Any tips would be appreciated.


----------



## Maura (Jun 6, 2004)

Most of us with vintage machines (built before 1960) are pretty happy with our machines. A Singer 301 or Singer 401 might suit you well. 

Learn to sew a straight seam. Use lined paper and no thread. Call your local fabric stores and find a beginner's sewing class. This is really the fastest way to learn how to sew. Take the class, then you'll be able to pick out a good sewing book. Challenge yourself in bits. Make a simple apron, then a more complicated one. Make pajamas before making a suit. Any fabric store will probably offer a quilting class as well, so after the beginner's sewing class you may want to take a beginner's quilting class, but once you learn the basics you can choose what you want.


----------



## Garnet (Sep 19, 2003)

Tammi, you have a PM


----------



## cc (Jun 4, 2006)

You might also look for a kids beginning sewing book. Usually they start with something simple as a pillow case and work up from there. Also check with your local County Agent's office, they may have a sewing group or even offer classes for free or very little money. Also check with any of your local fabric/hobby stores and they may offer classes, I know that Joann's offers them around here


----------



## Macybaby (Jun 16, 2006)

what ever you do - don't start with a stuffed animal!

I remember that for some reason, the basic sewing class in Junior High would let students pick out stuffed animals as a beginner project, and very few kids ended up with something that they even finished, let along looked decent. Most got discouraged and gave up on sewing all together.

Doll clothing is also something that is more complicated than you might think- any time you have small curved pieces, it is going to take more talent than you'd expect.

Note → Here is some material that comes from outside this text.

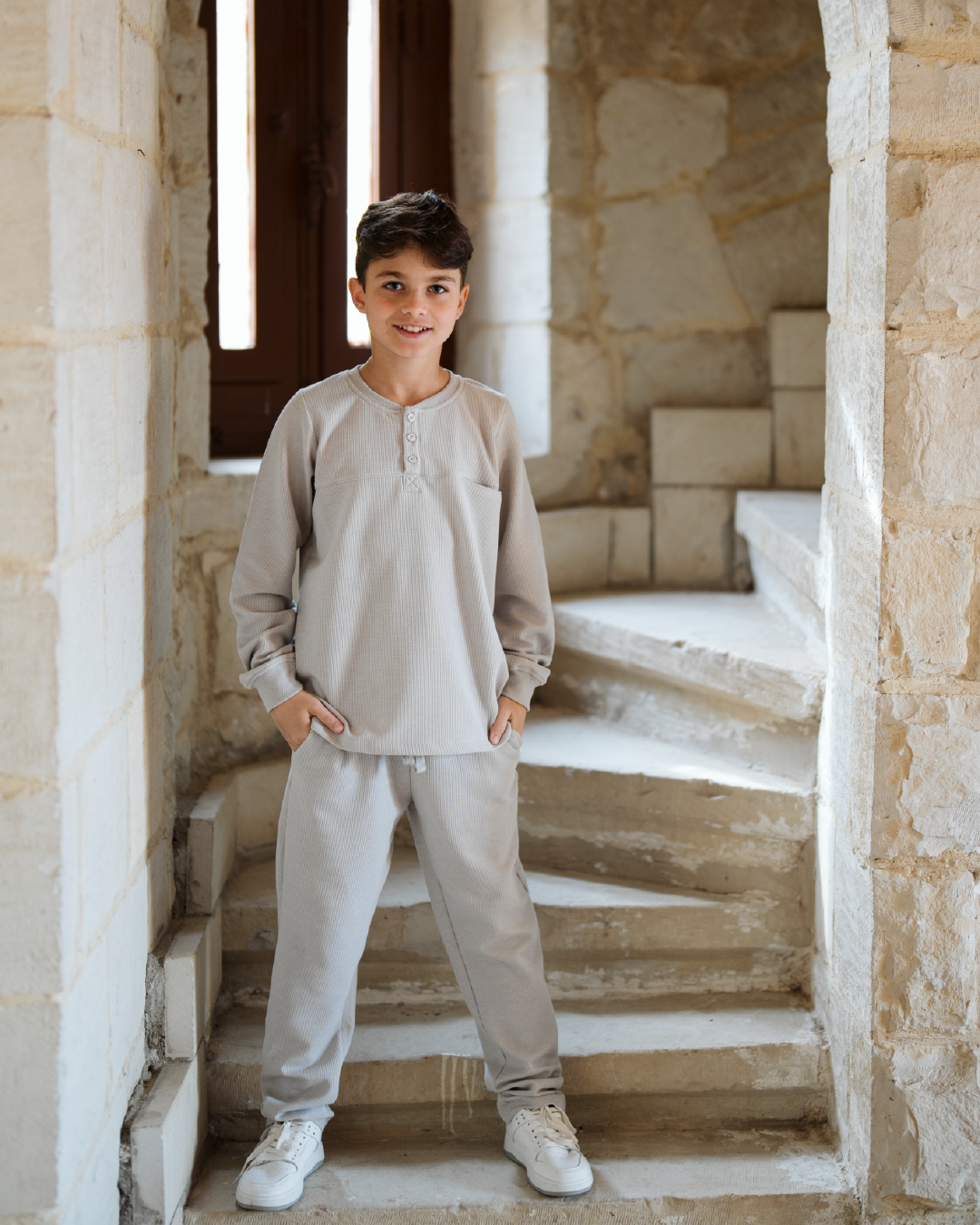 Cool boy بيجاما اولادي بكم و بنطلون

Look for things with nice sized pieces and straight lines (pillow cases are great for this). It won't take long before you can move up to more challenging stuff. 

After you've sewn for a while, you will get a feel for what is going to be difficult. Asking here before starting a project (about level of difficulty) is good. I've seen a lot of novices get frustrated with a project that they thought would be simple - to find it's a style/pattern that would make a veteran sewer cringe.


----------



## Maura (Jun 6, 2004)

Go look on e-bay right now. You could get a machine for under $200 including shipping. At the top where it asks how you want things listed, click on "items ending soonest". You probably want a machine that does a back stitch. I like the Pfaff 130, Longine Deluxe, Franklin Deluxe, Singer 401a, Singer 201-2, Singer 99K 1956, and the Bel Aire. You would need a box or cabinet for the 201-2, and I think the 99K. If you go this route, ask first what people think.


----------



## housewife (Mar 16, 2006)

Macybaby said:


> what ever you do - don't start with a stuffed animal!
> 
> I remember that for some reason, the basic sewing class in Junior High would let students pick out stuffed animals as a beginner project, and very few kids ended up with something that they even finished, let along looked decent. Most got discouraged and gave up on sewing all together.
> 
> ...


LOL That is so very true!!! Barbie clothes are just horid!! but looks easy... Take classes it's not hard once you get the hang of it. Everyone here is great about answering questions. No better group to be found


----------



## Taylor R. (Apr 3, 2013)

I reallllly want a vintage machine, but for now I have the little Brother that my dad bought me for my 16th birthday. I got started by just reading the manual. 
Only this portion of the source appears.